■ What this task involves ■
Your job is to print, exactly, the lines in the data below from the line with "Fromm Reduced Activity" through the line with "PRINTFASHION Űrhajós DJ", both included, and to omit any picture.

Start of Dataset extract

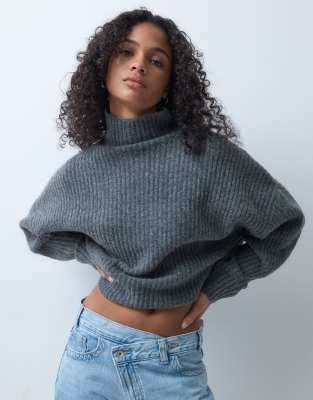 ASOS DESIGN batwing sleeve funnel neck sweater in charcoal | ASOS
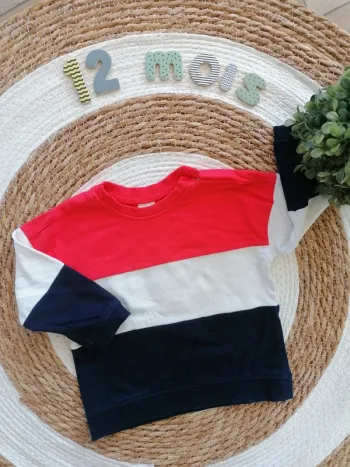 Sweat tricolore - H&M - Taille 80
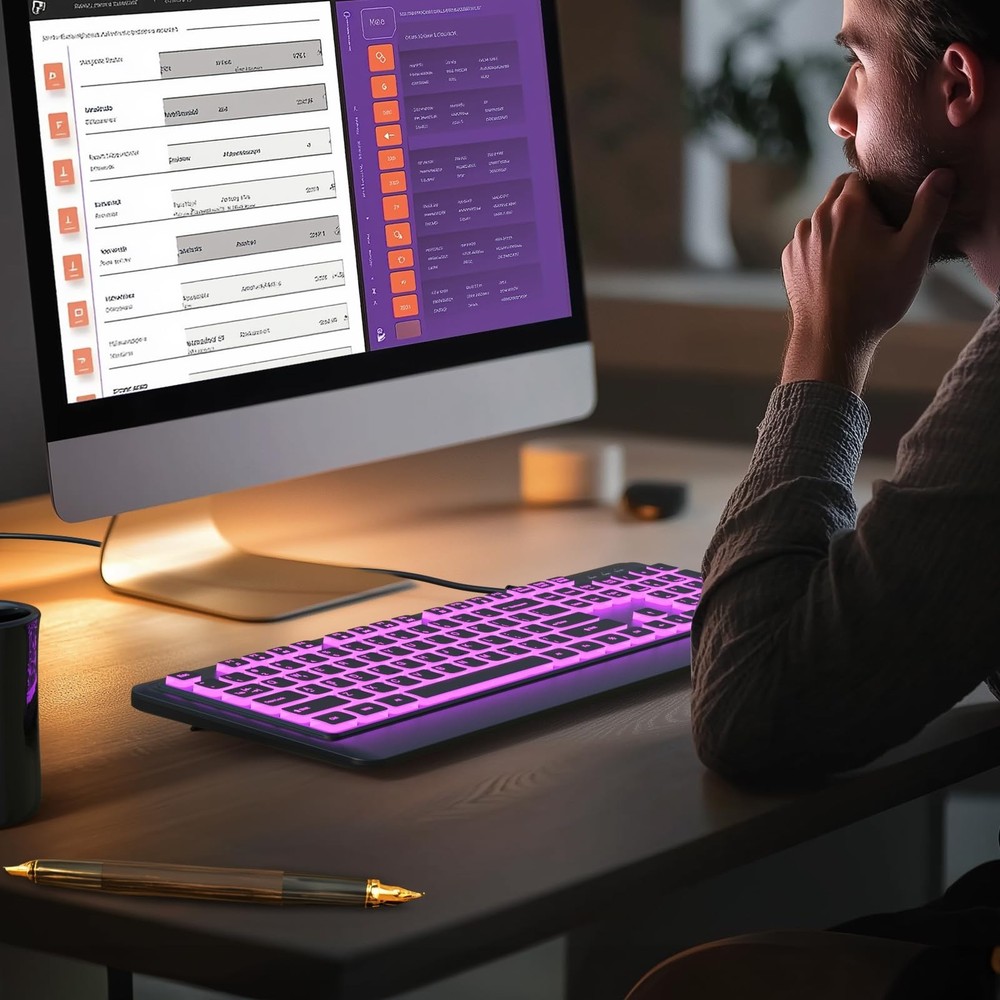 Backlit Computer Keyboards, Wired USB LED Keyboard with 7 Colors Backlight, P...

End of Dataset extract
Start of Dataset extract

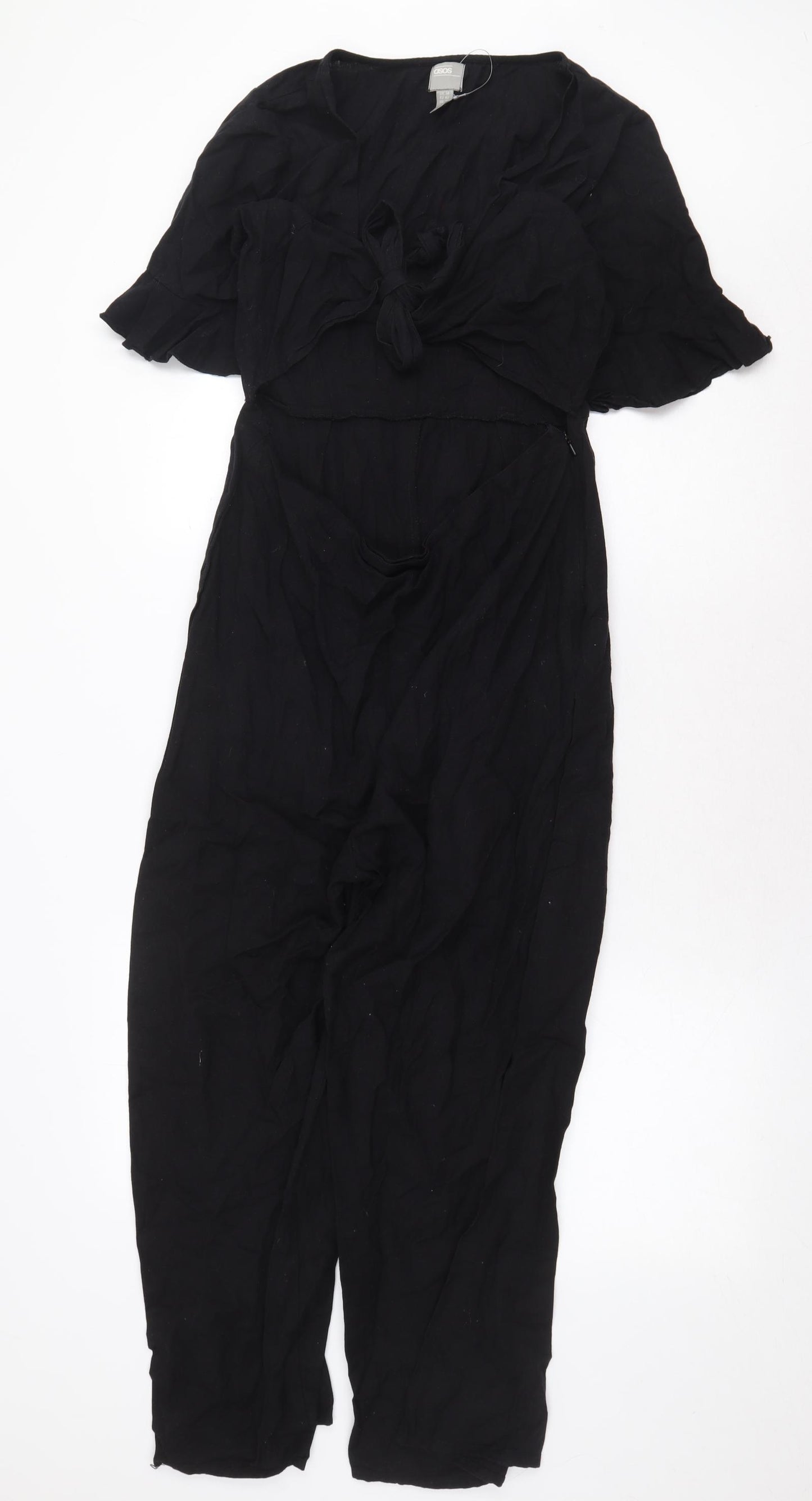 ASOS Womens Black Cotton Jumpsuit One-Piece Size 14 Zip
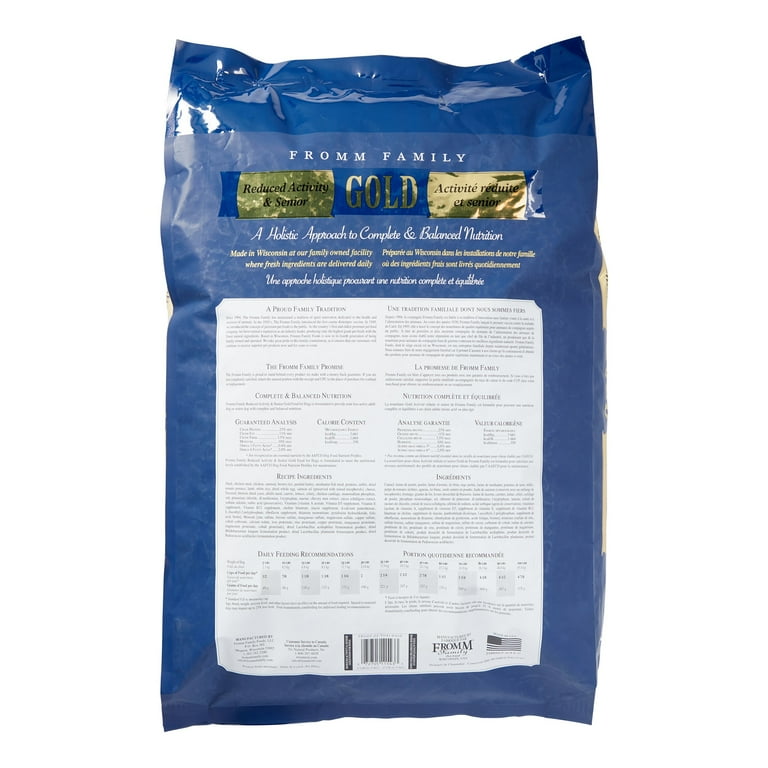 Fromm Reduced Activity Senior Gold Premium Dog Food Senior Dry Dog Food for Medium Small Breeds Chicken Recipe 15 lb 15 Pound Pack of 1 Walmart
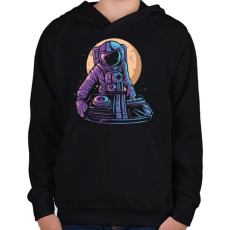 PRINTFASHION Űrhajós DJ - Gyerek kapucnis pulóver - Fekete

End of Dataset extract

■ Answer to this task ■
 Fromm Reduced Activity Senior Gold Premium Dog Food Senior Dry Dog Food for Medium Small Breeds Chicken Recipe 15 lb 15 Pound Pack of 1 Walmart
 PRINTFASHION Űrhajós DJ - Gyerek kapucnis pulóver - Fekete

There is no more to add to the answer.